La Iglesia nació en la casa – #5


DE LA CASA A  LA BASÍLICA

1. CAMINAR HACE CAMINO

¿Es comprensible, sociológicamente hablando, que un grupo organizado de personas, como lo fue la Iglesia, se hubiera mantenido intacto, como “envasado al vacío”, libre de influencias externas, durante mucho tiempo y en todo lugar? ¿Es extraño que la Iglesia, con el tiempo, fuera sufriendo cambios estructurales, litúrgicos y de orden, si durante la época apostólica y subapostólica ya se originaron reajustes institucionales como fue la aceptación del orden social de la sociedad greco-romana, que afectó incluso a su organización? ¿Podemos calificar de “apostasía” a simples diferencias entre grupos religiosos cristianos, sobre todo teniendo en cuenta la diversidad de tradiciones que existían en el cristianismo primitivo?… Solo los grupos sectarios, mediante una férrea disciplina interna, un fuerte sentido de pertenencia al grupo y, por lo tanto, excluyentes, pueden mantener un perfil social y religioso al margen del natural progreso que genera una sociedad viva. De hecho, la supervivencia del cristianismo primitivo, representado luego por la Gran Iglesia, fue posible porque se adaptó al orden social greco-romano de aquella época, y este orden se convirtió en la “sana doctrina”, o sea, la “ortodoxia” hegemónica que arrasó con las demás tradiciones. 

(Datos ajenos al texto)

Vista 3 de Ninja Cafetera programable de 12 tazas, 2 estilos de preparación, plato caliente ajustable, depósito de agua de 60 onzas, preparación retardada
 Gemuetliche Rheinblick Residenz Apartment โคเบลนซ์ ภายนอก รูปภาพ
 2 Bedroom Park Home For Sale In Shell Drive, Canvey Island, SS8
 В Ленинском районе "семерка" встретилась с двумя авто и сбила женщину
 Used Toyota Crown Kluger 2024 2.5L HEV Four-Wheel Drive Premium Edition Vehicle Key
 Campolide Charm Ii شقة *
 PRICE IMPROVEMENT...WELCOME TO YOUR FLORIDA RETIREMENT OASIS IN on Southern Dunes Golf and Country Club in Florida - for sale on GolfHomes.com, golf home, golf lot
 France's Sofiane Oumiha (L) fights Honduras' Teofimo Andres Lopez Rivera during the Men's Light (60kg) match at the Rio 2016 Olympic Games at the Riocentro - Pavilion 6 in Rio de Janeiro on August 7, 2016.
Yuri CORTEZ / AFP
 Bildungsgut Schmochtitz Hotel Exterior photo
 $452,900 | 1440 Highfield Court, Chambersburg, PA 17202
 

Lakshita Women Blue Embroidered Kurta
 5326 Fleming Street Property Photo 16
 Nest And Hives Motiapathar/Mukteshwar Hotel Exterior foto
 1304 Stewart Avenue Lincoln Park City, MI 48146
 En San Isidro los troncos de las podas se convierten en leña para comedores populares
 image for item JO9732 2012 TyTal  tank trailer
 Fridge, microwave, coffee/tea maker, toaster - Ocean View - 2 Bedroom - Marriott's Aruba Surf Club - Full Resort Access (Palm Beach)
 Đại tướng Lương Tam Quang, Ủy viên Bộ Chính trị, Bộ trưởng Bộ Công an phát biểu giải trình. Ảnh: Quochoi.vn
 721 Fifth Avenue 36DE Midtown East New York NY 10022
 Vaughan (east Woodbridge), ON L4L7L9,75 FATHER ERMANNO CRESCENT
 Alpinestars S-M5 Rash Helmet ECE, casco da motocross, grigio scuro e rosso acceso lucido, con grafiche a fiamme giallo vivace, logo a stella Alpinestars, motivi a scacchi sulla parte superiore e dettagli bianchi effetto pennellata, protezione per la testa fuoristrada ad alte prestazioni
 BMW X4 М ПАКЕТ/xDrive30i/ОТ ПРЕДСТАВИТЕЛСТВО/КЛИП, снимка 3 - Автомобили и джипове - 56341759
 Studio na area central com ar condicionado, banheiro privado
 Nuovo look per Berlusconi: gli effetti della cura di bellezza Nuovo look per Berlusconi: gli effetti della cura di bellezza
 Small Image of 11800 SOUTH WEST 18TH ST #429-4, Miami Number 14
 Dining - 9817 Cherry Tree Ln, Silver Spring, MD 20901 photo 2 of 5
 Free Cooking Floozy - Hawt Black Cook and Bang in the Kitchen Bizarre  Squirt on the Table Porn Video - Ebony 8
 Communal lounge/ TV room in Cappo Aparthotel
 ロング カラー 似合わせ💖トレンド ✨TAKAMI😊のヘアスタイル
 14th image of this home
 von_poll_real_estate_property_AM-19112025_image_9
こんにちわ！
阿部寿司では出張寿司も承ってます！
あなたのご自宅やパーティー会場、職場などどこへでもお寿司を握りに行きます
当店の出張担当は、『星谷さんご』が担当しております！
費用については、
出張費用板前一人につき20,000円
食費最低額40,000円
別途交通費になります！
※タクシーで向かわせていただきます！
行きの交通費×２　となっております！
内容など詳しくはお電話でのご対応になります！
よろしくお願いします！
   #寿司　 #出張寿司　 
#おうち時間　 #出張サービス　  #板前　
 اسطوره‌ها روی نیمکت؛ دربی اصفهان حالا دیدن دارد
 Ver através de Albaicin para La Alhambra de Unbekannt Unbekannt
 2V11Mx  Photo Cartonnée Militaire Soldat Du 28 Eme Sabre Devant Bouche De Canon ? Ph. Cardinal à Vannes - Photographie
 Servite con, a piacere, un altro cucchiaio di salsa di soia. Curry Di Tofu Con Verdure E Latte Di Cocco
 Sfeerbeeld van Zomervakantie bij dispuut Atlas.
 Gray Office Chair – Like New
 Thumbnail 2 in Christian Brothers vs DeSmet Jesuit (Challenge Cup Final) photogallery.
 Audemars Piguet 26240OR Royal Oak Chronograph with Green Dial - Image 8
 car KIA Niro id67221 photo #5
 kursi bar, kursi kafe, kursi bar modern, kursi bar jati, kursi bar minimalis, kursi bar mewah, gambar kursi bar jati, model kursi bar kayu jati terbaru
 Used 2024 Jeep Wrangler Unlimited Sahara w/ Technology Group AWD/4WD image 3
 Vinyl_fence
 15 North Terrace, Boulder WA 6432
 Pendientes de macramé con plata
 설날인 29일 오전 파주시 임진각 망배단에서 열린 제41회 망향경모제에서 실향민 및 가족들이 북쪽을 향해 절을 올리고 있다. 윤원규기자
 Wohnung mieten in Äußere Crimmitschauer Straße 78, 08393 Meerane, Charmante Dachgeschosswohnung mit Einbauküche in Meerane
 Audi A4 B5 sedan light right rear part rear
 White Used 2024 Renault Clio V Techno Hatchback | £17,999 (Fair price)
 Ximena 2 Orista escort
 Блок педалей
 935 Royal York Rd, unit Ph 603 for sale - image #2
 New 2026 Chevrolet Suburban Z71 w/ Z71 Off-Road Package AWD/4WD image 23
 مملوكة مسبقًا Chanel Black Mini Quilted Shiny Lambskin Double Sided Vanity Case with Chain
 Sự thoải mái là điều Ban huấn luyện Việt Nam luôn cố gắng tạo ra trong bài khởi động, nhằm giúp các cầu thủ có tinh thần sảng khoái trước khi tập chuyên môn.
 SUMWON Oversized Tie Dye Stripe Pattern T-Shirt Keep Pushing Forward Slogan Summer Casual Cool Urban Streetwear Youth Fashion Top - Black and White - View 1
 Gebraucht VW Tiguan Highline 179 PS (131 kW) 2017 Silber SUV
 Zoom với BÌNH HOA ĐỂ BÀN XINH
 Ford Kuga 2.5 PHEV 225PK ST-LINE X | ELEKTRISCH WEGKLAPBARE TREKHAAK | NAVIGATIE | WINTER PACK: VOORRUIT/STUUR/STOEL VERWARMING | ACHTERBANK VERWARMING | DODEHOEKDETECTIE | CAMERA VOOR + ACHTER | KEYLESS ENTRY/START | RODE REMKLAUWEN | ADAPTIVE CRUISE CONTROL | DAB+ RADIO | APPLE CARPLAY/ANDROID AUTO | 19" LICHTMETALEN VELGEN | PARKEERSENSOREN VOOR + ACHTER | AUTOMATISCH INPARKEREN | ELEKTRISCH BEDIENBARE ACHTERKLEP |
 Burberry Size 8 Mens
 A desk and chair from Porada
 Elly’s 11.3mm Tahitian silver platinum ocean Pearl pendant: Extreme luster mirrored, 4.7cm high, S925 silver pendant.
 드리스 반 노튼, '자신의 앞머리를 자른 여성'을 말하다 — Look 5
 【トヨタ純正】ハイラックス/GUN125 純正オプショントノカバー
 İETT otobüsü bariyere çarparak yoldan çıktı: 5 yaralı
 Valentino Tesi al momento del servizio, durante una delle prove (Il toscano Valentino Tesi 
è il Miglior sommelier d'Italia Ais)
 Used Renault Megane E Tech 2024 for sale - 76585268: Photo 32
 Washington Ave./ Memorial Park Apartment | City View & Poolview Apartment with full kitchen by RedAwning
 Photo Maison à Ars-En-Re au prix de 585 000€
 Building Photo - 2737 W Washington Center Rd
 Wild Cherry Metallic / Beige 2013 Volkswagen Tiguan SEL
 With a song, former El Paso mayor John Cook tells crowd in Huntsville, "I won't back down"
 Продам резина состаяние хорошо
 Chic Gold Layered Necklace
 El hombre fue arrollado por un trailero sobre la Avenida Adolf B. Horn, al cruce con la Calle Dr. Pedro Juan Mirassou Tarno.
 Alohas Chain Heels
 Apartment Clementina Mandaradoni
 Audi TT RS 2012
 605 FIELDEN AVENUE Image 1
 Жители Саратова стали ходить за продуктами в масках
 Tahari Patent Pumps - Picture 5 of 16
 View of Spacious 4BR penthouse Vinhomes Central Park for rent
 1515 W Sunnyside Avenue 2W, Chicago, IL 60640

Podemos constatar que hubo apostasía durante los siglos posteriores en la Iglesia; esto parece quedar claro cuando contrastamos los principios teológicos neotestamentarios y el devenir teológico y doctrinario en los concilios subsiguientes en la Iglesia. Pero de aquí a la idea de que dicha apostasía comenzó con la muerte del último Apóstol, dista mucho. Esto último surge de una doctrina ideologizada y arbitraria en el Movimiento de Restauración muy lejos del estudio exegético neotestamentario e histórico.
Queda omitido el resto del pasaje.